I read Into The Heart multiple times, and pored over the pictures: Yarima in the rainforest, almost naked, face painted and decorated with sticks; Yarima in New Jersey, wearing Western clothes, her hair permed; Kenneth Good in the jungle, a huge, hairy white man in his underwear, among the compact, tan Yanomami; Kenneth Good, college professor in New Jersey, hanging out with his cross-cultural family. I was fascinated by the story of two people from very different backgrounds learning about and reacting to each other’s worlds, and trying to create a life together. I also wondered how the children would fare. Now, with David Good’s book (The Way Around: Finding My Mother and Myself Among the Yanomami) I finally have an answer.

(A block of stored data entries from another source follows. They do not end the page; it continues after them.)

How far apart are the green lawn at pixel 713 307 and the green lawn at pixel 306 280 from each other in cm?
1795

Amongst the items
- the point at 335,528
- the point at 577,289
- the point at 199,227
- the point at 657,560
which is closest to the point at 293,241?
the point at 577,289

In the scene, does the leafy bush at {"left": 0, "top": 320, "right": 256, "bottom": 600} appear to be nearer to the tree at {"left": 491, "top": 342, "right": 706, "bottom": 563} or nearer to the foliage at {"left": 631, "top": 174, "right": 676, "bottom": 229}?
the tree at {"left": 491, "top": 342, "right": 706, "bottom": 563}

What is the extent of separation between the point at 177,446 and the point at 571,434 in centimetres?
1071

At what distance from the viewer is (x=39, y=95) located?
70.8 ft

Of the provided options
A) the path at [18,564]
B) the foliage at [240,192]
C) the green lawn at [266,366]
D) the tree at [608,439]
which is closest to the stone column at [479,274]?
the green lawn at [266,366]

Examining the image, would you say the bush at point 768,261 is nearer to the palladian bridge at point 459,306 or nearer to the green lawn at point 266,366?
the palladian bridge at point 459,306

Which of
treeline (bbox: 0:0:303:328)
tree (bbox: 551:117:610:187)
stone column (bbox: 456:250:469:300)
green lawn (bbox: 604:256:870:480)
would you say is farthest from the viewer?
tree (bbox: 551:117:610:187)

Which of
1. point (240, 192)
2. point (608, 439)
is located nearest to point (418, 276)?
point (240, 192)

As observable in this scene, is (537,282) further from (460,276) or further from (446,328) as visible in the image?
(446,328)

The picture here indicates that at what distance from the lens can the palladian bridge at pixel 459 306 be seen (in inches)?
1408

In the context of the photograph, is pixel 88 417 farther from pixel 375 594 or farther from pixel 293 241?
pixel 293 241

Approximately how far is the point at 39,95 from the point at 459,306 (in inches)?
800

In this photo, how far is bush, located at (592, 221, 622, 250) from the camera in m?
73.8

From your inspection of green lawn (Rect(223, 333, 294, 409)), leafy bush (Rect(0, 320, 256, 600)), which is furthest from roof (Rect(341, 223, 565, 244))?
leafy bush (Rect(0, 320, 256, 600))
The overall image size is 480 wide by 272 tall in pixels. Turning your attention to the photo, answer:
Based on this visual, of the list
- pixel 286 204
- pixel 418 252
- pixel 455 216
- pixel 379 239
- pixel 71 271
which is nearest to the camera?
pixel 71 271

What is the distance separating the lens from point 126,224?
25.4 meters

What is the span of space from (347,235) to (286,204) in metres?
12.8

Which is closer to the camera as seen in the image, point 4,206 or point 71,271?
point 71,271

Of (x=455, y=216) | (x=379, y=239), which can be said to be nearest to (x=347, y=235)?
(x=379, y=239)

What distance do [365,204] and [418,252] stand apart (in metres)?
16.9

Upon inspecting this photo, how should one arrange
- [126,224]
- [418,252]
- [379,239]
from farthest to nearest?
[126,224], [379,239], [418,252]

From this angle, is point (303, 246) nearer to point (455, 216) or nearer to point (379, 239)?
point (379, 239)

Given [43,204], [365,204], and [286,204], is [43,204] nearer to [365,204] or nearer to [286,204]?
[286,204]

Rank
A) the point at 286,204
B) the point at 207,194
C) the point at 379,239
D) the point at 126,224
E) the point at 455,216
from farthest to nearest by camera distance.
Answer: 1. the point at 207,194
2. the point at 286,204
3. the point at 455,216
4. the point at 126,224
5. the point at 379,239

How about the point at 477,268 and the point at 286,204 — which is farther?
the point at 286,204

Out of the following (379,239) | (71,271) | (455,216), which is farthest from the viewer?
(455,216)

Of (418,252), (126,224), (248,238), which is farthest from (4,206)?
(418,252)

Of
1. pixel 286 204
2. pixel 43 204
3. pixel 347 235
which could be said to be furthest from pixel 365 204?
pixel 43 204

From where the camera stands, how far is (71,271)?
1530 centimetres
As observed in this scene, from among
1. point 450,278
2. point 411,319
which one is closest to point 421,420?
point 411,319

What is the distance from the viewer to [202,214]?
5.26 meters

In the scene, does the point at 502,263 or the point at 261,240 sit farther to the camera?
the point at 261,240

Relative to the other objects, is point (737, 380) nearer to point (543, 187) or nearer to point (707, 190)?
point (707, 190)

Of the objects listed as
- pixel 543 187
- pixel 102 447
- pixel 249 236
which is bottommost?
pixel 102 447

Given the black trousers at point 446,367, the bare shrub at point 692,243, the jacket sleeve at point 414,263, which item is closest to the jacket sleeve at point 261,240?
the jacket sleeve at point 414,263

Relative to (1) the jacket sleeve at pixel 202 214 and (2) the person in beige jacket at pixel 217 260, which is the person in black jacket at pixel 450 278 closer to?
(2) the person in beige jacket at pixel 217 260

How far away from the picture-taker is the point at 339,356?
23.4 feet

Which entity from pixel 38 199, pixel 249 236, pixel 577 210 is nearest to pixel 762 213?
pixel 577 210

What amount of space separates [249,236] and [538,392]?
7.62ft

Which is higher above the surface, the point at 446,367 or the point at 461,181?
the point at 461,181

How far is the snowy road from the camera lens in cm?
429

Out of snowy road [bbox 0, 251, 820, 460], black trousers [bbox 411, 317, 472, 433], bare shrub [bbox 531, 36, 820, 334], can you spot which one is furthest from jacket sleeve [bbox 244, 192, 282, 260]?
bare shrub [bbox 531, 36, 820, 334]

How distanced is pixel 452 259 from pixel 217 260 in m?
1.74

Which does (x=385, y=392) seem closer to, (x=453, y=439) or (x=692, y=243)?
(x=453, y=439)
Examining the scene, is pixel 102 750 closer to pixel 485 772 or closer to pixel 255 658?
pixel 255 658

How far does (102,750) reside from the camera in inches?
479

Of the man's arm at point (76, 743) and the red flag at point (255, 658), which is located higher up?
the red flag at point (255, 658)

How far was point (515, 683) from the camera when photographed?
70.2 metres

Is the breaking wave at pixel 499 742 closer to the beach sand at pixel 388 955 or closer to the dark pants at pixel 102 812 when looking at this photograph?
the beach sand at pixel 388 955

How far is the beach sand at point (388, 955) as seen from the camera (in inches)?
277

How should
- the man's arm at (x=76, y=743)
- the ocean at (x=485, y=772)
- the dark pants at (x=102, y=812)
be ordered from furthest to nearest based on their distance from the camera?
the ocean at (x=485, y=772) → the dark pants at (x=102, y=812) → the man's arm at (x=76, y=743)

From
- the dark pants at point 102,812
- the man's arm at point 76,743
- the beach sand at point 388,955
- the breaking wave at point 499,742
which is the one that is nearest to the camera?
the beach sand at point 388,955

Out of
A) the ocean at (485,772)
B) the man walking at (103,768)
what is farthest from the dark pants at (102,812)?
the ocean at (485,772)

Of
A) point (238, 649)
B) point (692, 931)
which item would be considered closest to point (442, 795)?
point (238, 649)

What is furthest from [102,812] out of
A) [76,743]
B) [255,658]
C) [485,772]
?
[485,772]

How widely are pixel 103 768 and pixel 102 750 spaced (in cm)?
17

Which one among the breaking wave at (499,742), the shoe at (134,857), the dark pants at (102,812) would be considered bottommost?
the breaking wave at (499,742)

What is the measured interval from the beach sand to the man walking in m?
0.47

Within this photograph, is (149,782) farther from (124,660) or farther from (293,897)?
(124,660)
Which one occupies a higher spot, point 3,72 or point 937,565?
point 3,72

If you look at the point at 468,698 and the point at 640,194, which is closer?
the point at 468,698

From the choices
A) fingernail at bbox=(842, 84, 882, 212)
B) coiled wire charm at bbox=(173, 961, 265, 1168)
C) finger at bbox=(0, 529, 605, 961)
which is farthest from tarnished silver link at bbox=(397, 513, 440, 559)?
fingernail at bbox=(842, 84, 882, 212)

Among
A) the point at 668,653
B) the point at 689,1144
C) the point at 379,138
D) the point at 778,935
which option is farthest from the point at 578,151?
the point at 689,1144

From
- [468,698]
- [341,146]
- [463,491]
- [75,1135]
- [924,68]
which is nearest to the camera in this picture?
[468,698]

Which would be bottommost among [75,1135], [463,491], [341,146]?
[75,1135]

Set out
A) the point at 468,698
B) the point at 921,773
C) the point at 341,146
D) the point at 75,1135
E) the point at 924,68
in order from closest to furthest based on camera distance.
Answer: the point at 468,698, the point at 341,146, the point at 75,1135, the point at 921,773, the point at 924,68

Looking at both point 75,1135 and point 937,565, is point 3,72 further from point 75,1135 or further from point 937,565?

Once Yarima decided to stay in the rainforest, her American family had no contact with her. David was devastated, but tried to hide his pain as he was growing up in New Jersey and Pennsylvania. He even began telling people that his mother was dead. He longed to be a “typical” American boy, and was terrified of people finding out the truth: that his mother lived in a jungle and ate tarantulas. To numb his feelings, he drank heavily in high school. Finally, in college, he began to come to terms with his heritage and, once he graduated, decided to make a trip to the Amazon jungle to find his mother.

David finds not only his mother, but also his half-brother and many uncles, aunts, nieces and nephews. During his months in the jungle, he learns to fish, clear land, and shoot with a bow and arrow. He begins to re-learn the language. Despite the difficulties of living in the jungle (lots of bugs, flash storms, and unexpected injuries), he finds a feeling of deep peace and belonging.

Parts of this book are funny. When David arrived in his mother’s village, almost the first thing she did (after crying for joy) was to present him with two “wives”. These young women were already married to other men, but that was no barrier. The women tried to persuade him to perform his husbandly duty so he could give his mother a Yanomami grandchild. He tried just as hard to persuade them that, while he enjoyed their company, he wasn’t interested in being their husband.

This unique memoir sheds light in a compelling, poignant way on the underlying humanity we all share. David Good has set up an organization, The Good Project, dedicated to the cultural preservation of the Yanomami people.